- **PROBLEM**
Write out exactly the lines from the one holding "Canapé d'angle ALMI" to the last line of the entries, both ends included and nothing else, without the pictures.

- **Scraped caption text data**
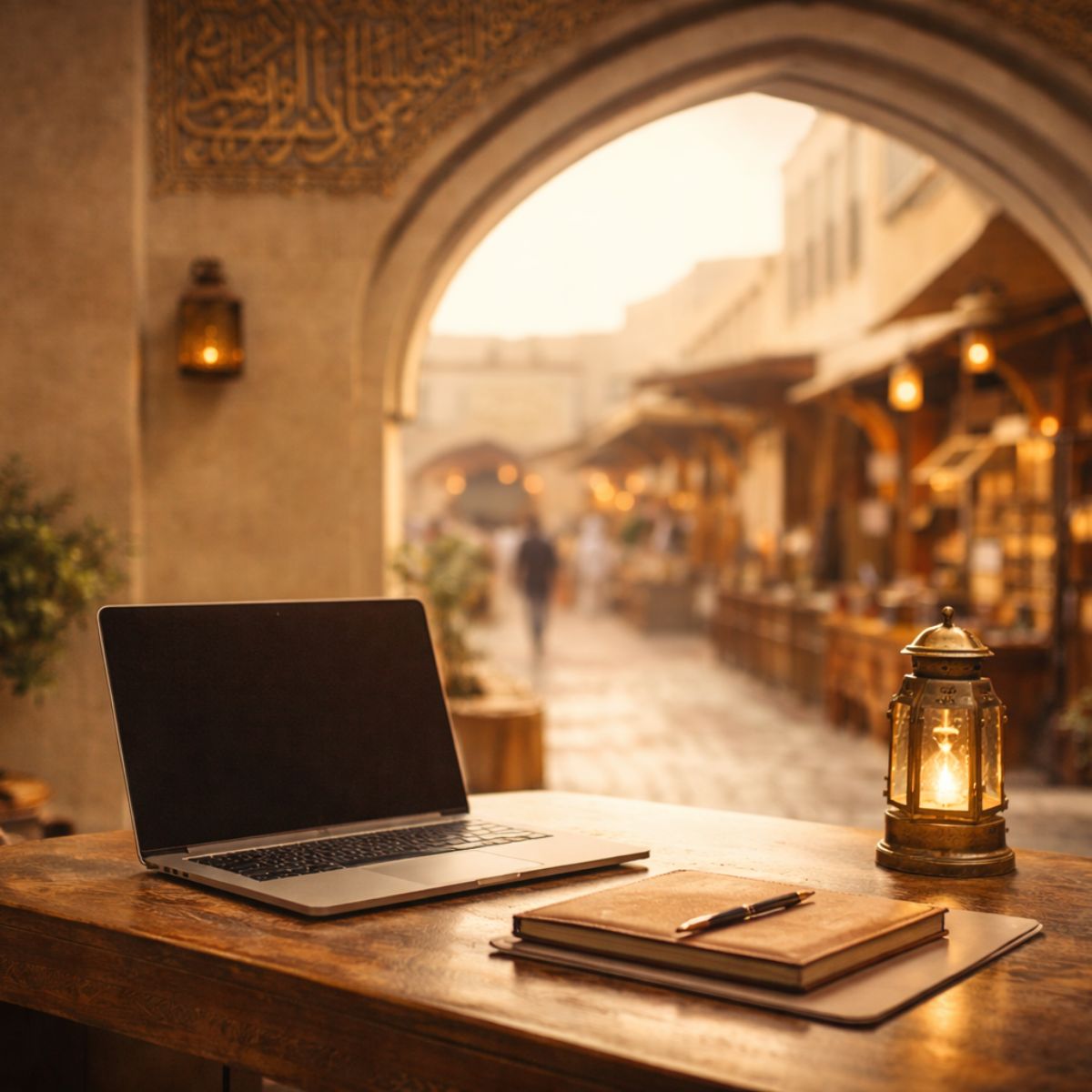 আরব বাজারের পরিবেশে একটি প্রিমিয়াম ওয়ার্কস্পেস: ল্যাপটপ, নোটবুক ও ল্যান্টার্ন—ইসলামি আর্চ ব্যাকগ্রাউন্ড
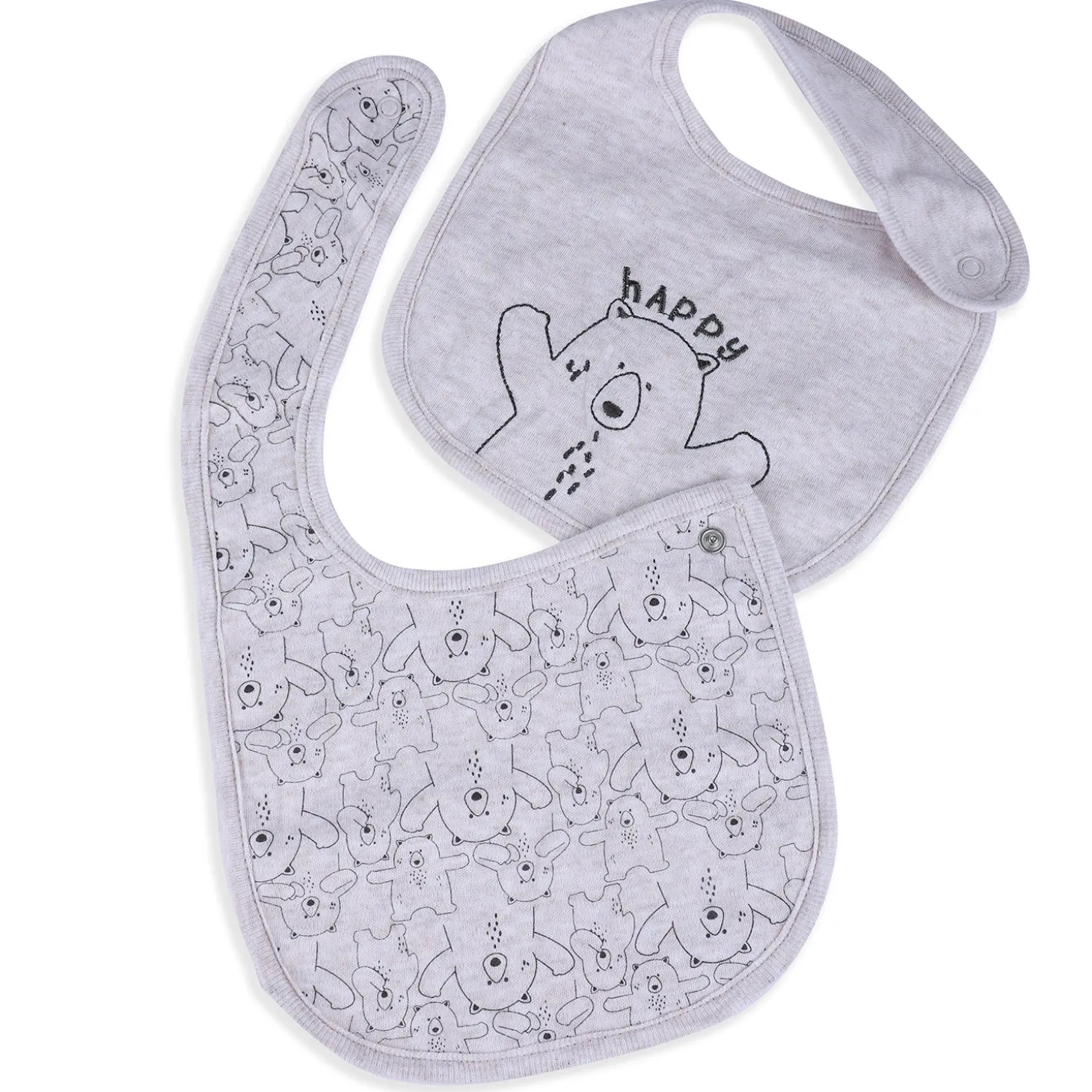 Baby Moo Bear Hug Cotton 2 Pack Buttoned Feeding Bibs - Grey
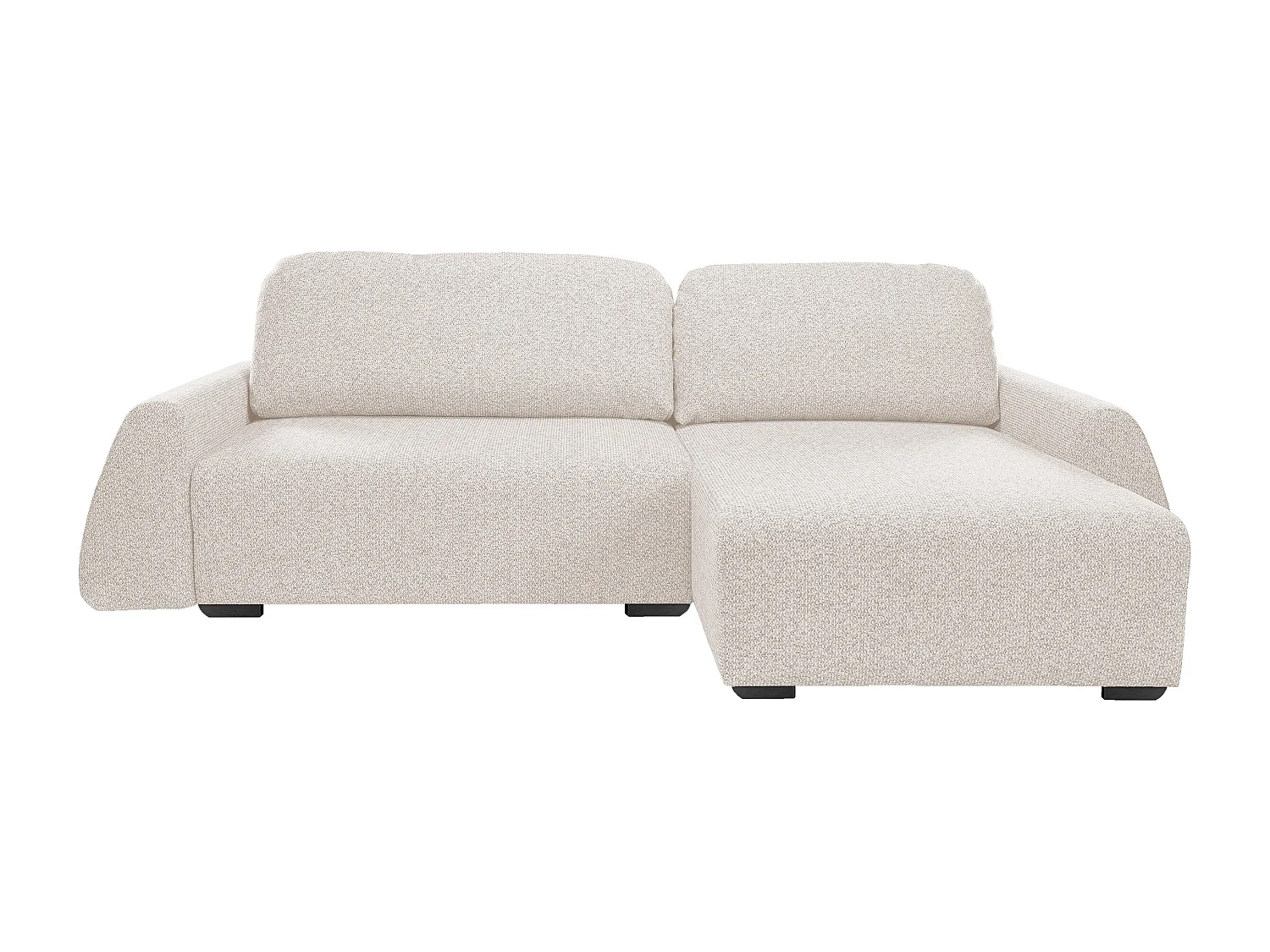 Canapé d'angle ALMI 160x275 cm, couchage, coffre, ressorts, assise confortable, côté droit, beige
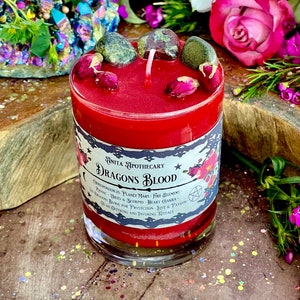 Dragons Blood Protection Candle Anita Apothecary, Witches Black salt, Dragons Blood Jasper, witches protection, Spell Candle, Witch Candle image 5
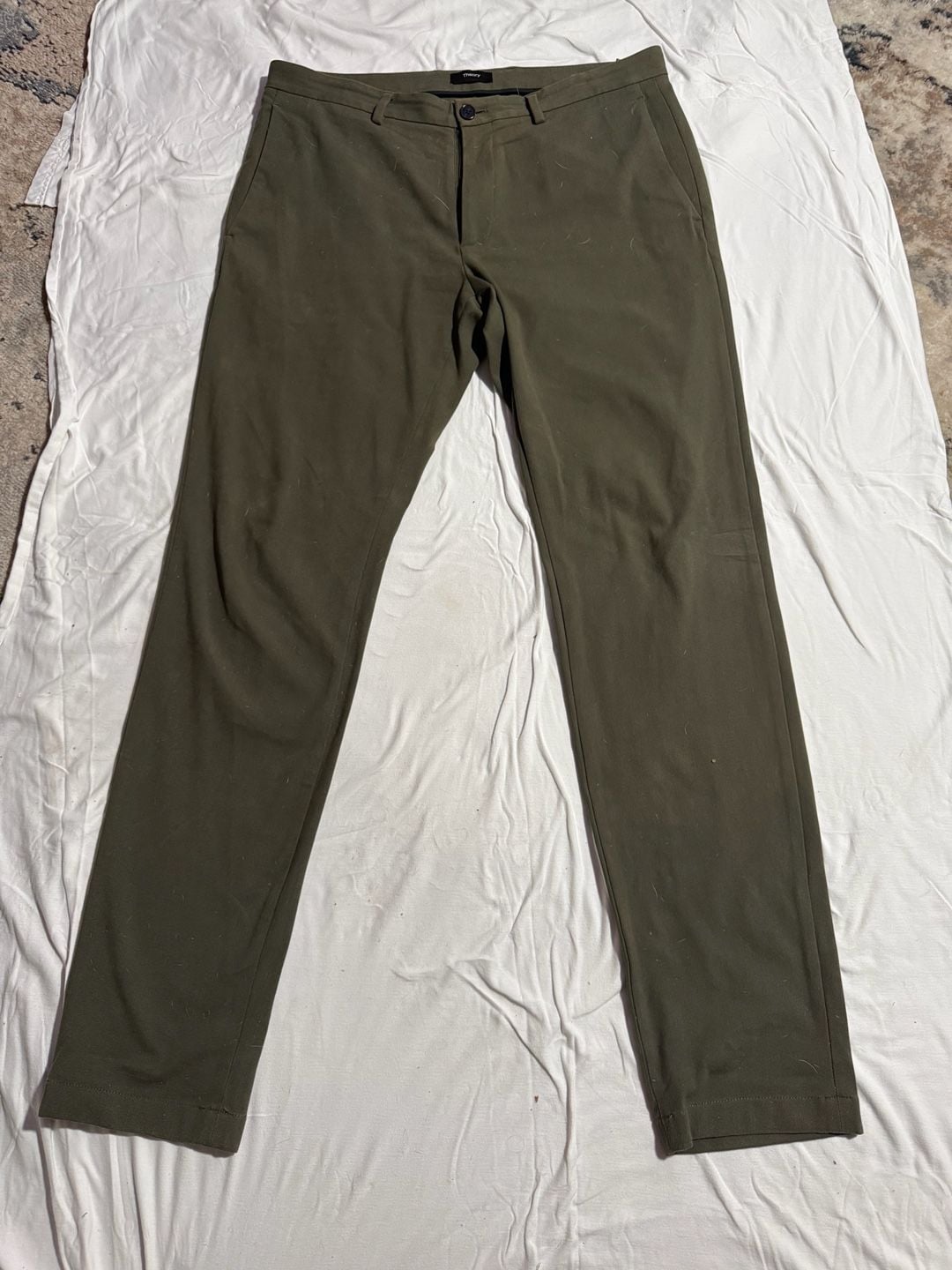 Theory Zaine Slim Fit Bistretch Chino Pants in Dark Olive Green 34 x 32 6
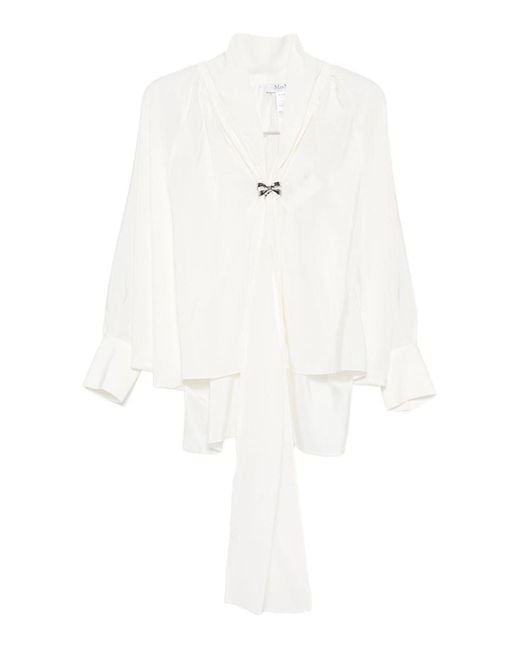 Max Mara White Wide Silk Blouse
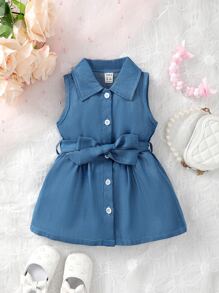 Đầm em bé Nút phía trước màu trơn Giải trí - Màu xanh lam - Xem 1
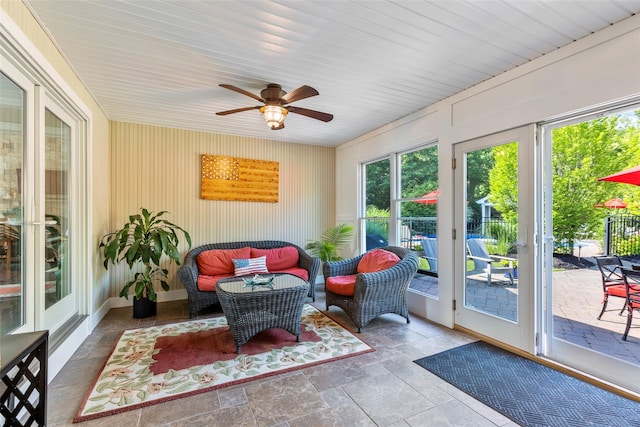 16 Dyke Rd, Setauket, NY 11733 - sunroom / solarium featuring an outdoor hangout area, healthy amount of natural light, and a ceiling fan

- **OUTPUT OF THE TASK**
 Canapé d'angle ALMI 160x275 cm, couchage, coffre, ressorts, assise confortable, côté droit, beige
 Dragons Blood Protection Candle Anita Apothecary, Witches Black salt, Dragons Blood Jasper, witches protection, Spell Candle, Witch Candle image 5
 Theory Zaine Slim Fit Bistretch Chino Pants in Dark Olive Green 34 x 32 6
 Max Mara White Wide Silk Blouse
 Đầm em bé Nút phía trước màu trơn Giải trí - Màu xanh lam - Xem 1
 16 Dyke Rd, Setauket, NY 11733 - sunroom / solarium featuring an outdoor hangout area, healthy amount of natural light, and a ceiling fan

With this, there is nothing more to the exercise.